Bupati Bandung Dadang Supriatna di Bandung, Senin, mengatakan pemantauan tersebut dilakukan untuk memastikan ASN tetap bekerja sesuai ketentuan meski tidak berada di kantor.

“Ada aplikasi dengan koordinat dan tugas yang harus diselesaikan,” ujarnya.

Ia menjelaskan bahwa keberadaan ASN dapat terdeteksi sehingga kinerja tetap terkontrol selama menjalankan WFH melalui sistem tersebut.

Dia juga menyebut bahwa pihaknya telah menyiapkan sanksi bagi ASN yang tidak disiplin ketika menjalani sistem kerja yang ditentukan.
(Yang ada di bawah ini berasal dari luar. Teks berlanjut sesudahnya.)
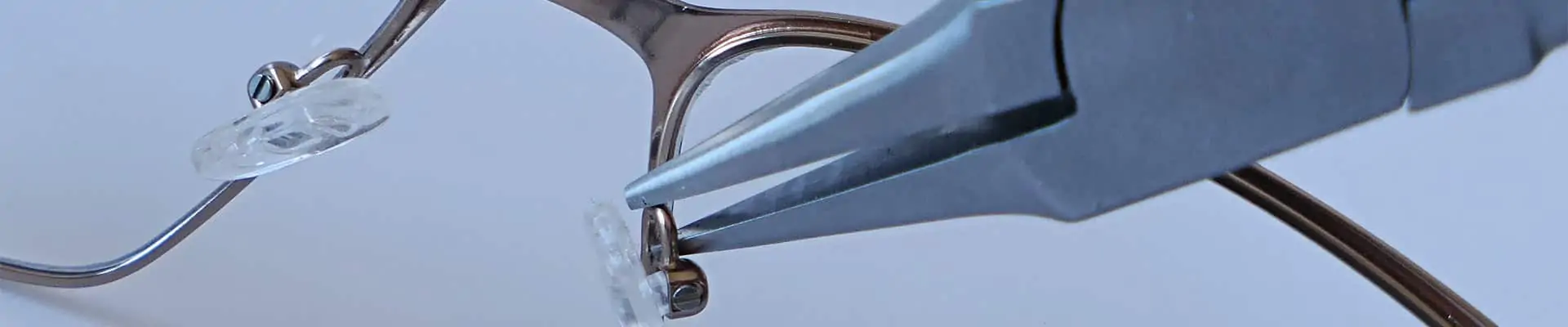 Bannière de page Expertise des opticiens indépendants Eye-Like. Photo du travail sur des lunettes à l'aide d'une pince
“Kalau tidak berada di lokasi yang ditentukan, otomatis ada pengurangan tunjangan kinerja,” katanya.

Menurut dia, langkah tersebut juga untuk mengantisipasi potensi penurunan disiplin ASN, terutama saat pelaksanaan WFH yang berdekatan dengan hari libur panjang.

Pada kesempatan itu, Pemkab Bandung juga menyebut akan tetap membatasi pelaksanaan WFH, khususnya bagi ASN yang bertugas di lini pelayanan langsung agar tidak mengganggu pelayanan publik.

“Terkait WFH, kita sudah buatkan surat dan mengikuti edaran dari Kementerian Dalam Negeri, yaitu dilaksanakan setiap hari Jumat,” ujarnya.

Ia menambahkan bahwa pengaturan teknis jumlah ASN yang menjalankan WFH diserahkan kepada masing-masing kepala organisasi perangkat daerah (OPD) dengan tetap mengedepankan efisiensi dan kinerja.

“Silakan kepala OPD mengatur dan melaporkan pelaksanaannya,” kata Dadang.

Bupati juga menegaskan bahwa pengawasan berbasis teknologi ini diharapkan dapat meningkatkan akuntabilitas serta profesionalisme ASN, sekaligus memastikan pelayanan kepada masyarakat tetap berjalan optimal meskipun sebagian pegawai menjalankan sistem kerja dari rumah.